Images aside, the whole listing should be written out word for word.
:: COLLECTED DATA ::
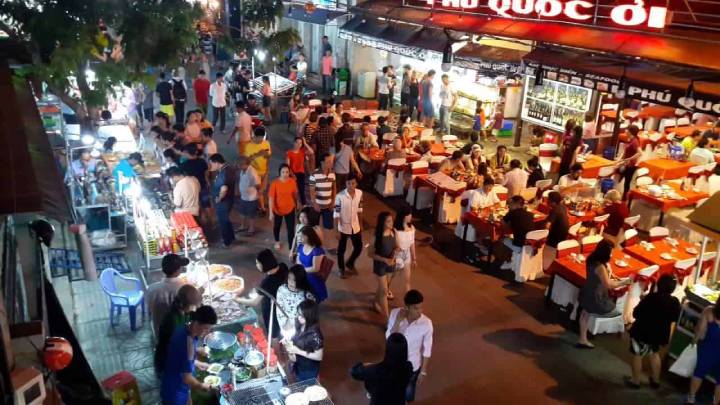 Chợ đêm Phú Quốc nhộn nhịp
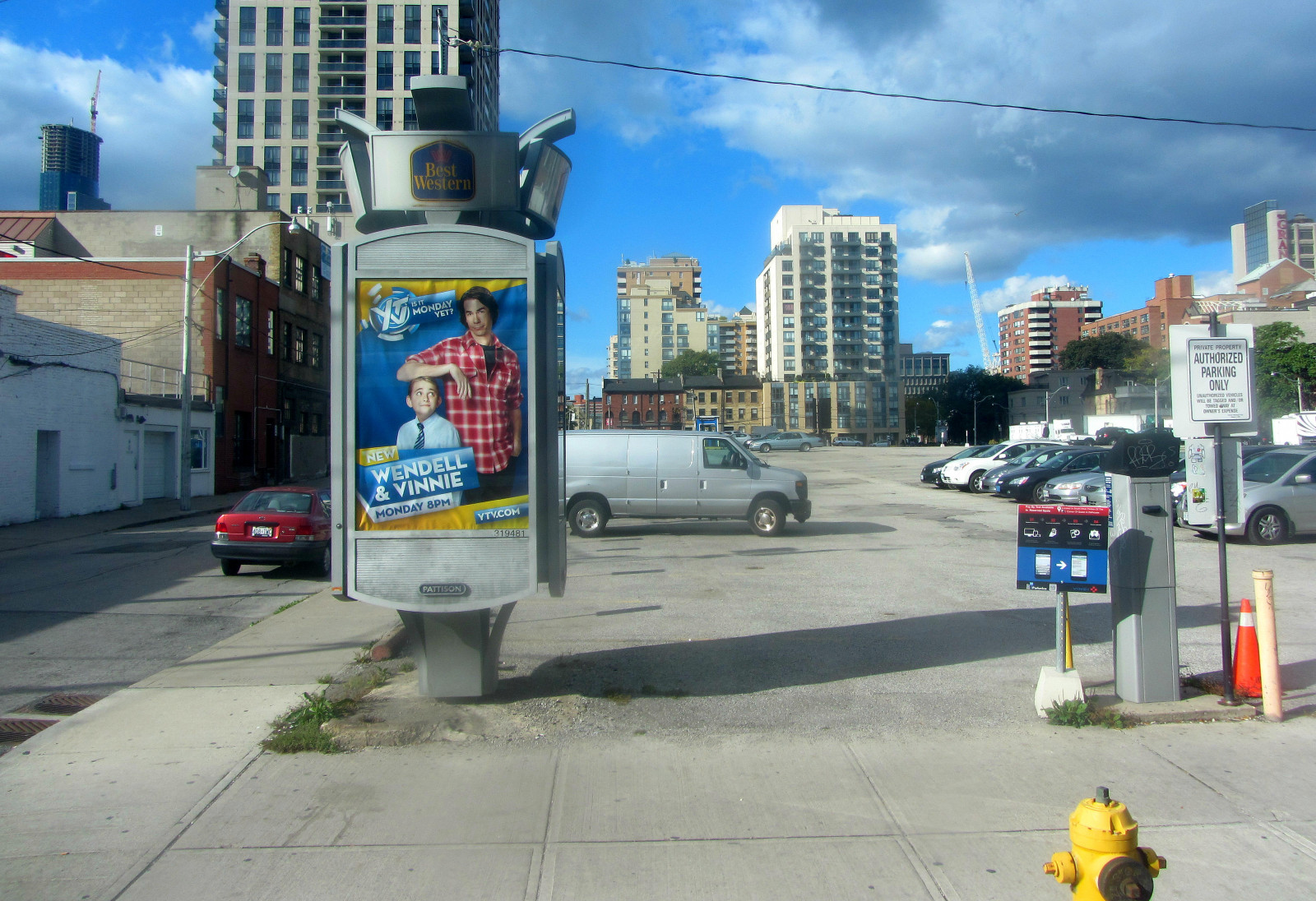blu, cielo, Toronto, Ontario, costruzione, automobili, architettura, nuvole, parcheggio, bleu, ciel, Autos, nuages, Img7309jpg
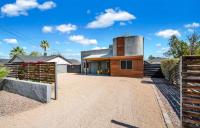 Modern Art House in Midtown, Pet Friendly - B&B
:::
**THE ANSWER**
 Chợ đêm Phú Quốc nhộn nhịp
blu, cielo, Toronto, Ontario, costruzione, automobili, architettura, nuvole, parcheggio, bleu, ciel, Autos, nuages, Img7309jpg
 Modern Art House in Midtown, Pet Friendly - B&B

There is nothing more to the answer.